Explainable Artificial Intelligence (XAI): Overcoming the Challenges with evoML

“Investor Sues After an AI’s Automated Trades Cost Him $20 Million.”

The headline that shook the financial sector in 2017.

A trading activity between Tyndaris Investments (a company that launched a robot hedge fund) and a Hong Kong real estate investor led to an outburst of controversy and legislation. Worrying questions started to rise:

  1. What decision did the AI make and why did it make that decision?
  2. Who’s responsible for the problem that arose?
  3. Was the AI not aware of the possible issues? If not, why?
  4. Did the AI make the same mistake as human investors? If not, what were the reasons e.g., gender, race etc.?

It had only been a year before that AI was creeping into the world of finance – from helping with fast market data analysis in real-time to autonomously executing efficient trades.

Now, with these questions (and more) lurking at the edge of nearly every industry dabbling in technology, from transportation to healthcare to law enforcement, it is certainly affecting the way in which companies are trying to embed AI into their products.

In this blog, we will give an overview of explainable AI (XAI) and focus on how TurinTech’s evoML platform can be used to overcome the challenges that XAI poses.

Model explainability

XAI is a set of processes and methods that allows humans to comprehend and trust the results and output created by machine learning algorithms. There are different types of taxonomy with machine learning models but one which helps us understand XAI is the infamous White Box VS Black Box model.

  • White-box models such as linear regression, logistic regression and decision trees provide less predictive capacity compared to black-box models. However, they are significantly easier to explain and interpret.
  • Black-box models such as neural networks, gradient boosting models or complicated ensembles often provide great objective calculations such as accuracy, F1 etc., but the inner workings of these models are exceptionally difficult to understand due to their complex architecture.

Figure 1. evoML tackles the trade-off between model complexity and explainability

When it comes to understanding AI decisions, three keywords repeatedly crop-up: Explainability, Interpretability and Causality. Explainability and Interpretability are used interchangeably (with a subtle difference) – Explainability focuses more on “What does the model tell me?” whereas Interpretability focuses more on “How does the model work?”. Causality is separate from the other two but interlinked – it focuses more on “What caused my model to behave like this?”.

Pre-modelling explainability

evoML provides an easy and scalable way to create and deploy optimised ML pipelines to automate the whole process of data science via evolutionary learning. To demonstrate how evoML handles XAI, we will conduct our research on financial market data. The aim is to predict whether each example has a higher adjusted close price than the previous i.e., a binary classification time series task, focussing on signal prediction. If the target label is 1, then the example has a higher adjusted close price than the previous example and if 0 then it does not.

Figure 2. Original financial market dataset.

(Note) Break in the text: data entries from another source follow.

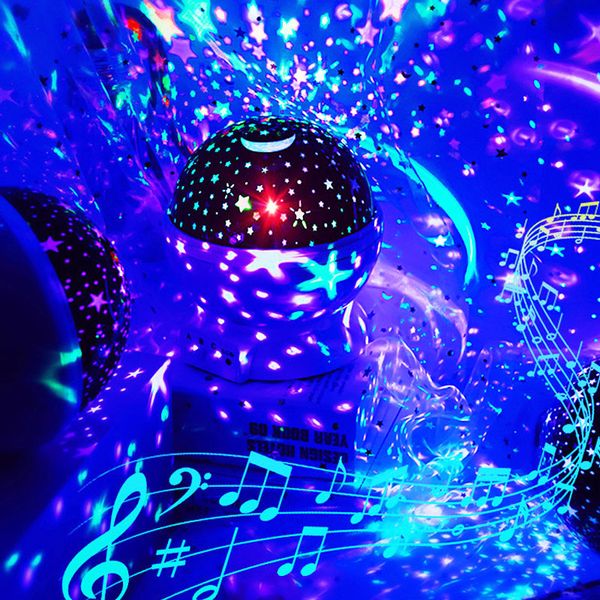 

led star master sky starry lamp auto rotating projector night light with usb port bedroomlight lampvalentine's dayfestival gifts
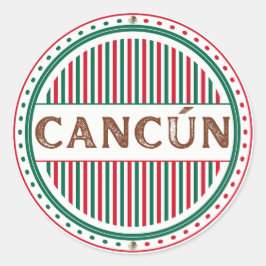 カンクン市誇りエンブレム – メキシコのアイデンティティ ラウンドシール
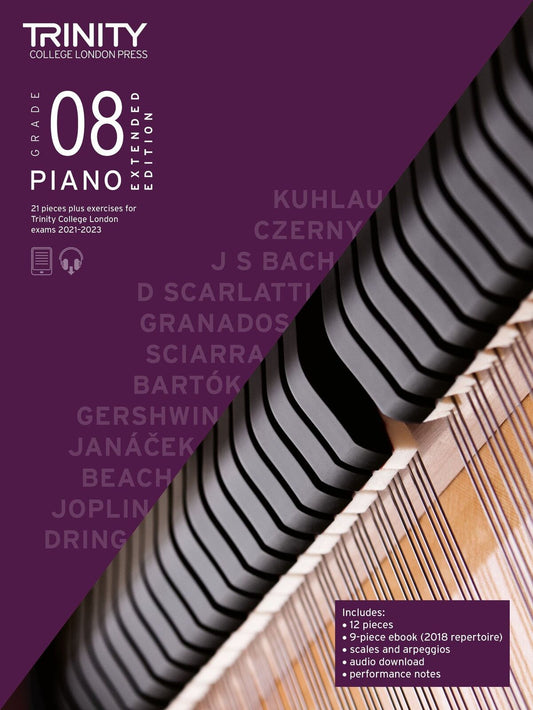 Trinity Piano Exam Pieces 2021-23 Extended Edition Grade 8 TCL020598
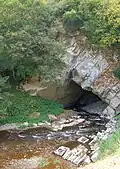 The Gouffre de Belvaux, where the Lesse goes underground
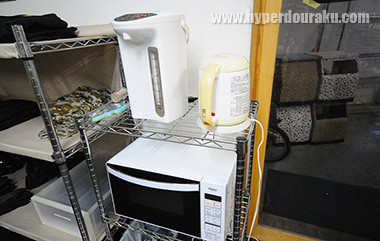 ポット、電子レンジ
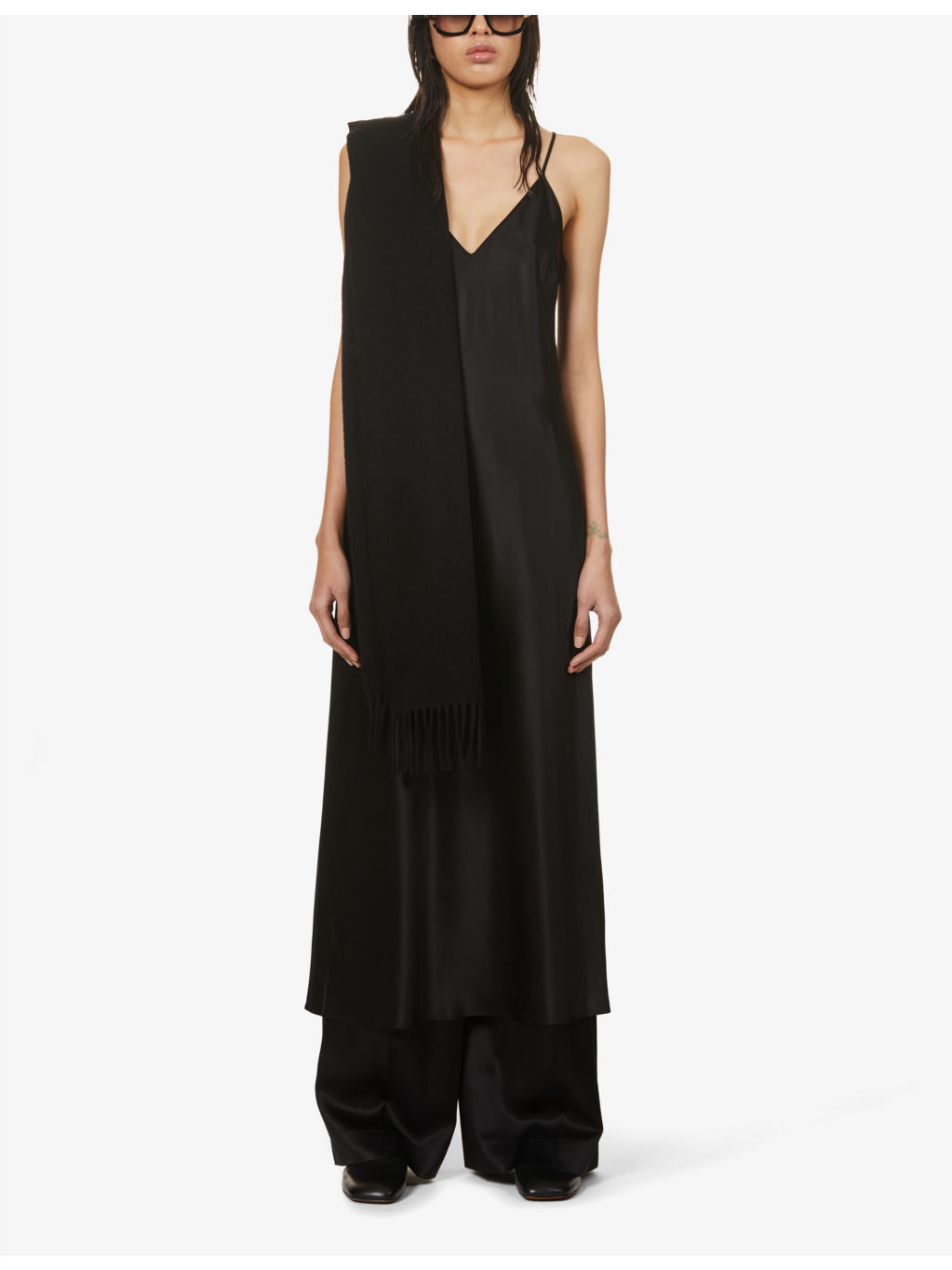 Clea silk strappy midi dress - 2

At the start of the ML process, evoML applies statistical analysis to the dataset via an interactive interface, which comprises of:

  1. Distribution analysis of columns and rows: This helps detect skewness and anomalies to combat potential data leakage (that could lead to incorrect model evaluation) and bias issues (that could lead to discrimination against certain groups of training examples).
  2. Data imputation: This helps detect missing data to combat issues of model compatibility with the dataset (that could lead to failed deployed models).

This process helps users understand the dataset that will be used to develop models.

Figure 3. Distribution and statistics of Open feature.

Figure 4. Distribution and statistics of Target feature. Tag suggests a balanced dataset.

Modelling explainability

Once the data has been fully preprocessed, we are ready to fit the machine learning model to the dataset, which in this case is a Logistic Regressor. After the model is tuned and fitted to the preprocessed data, we evaluate the model with various metrics and produce visualisations for model performance (such as confusion matrices, precision-recall curves etc.).

At this point, users may feel as if the machine learning pipeline is complete i.e., if they obtained a good accuracy or F1 score, then the model is ready to be deployed. However, a key oversight is skipping model explainability. This is because:

  • We may want to know, for a specific machine learning algorithm, in what way the features contribute to the predictions i.e., independently or interactively.
  • We may want to know, for a specific machine learning algorithm, how changes to the dataset affect the prediction quality.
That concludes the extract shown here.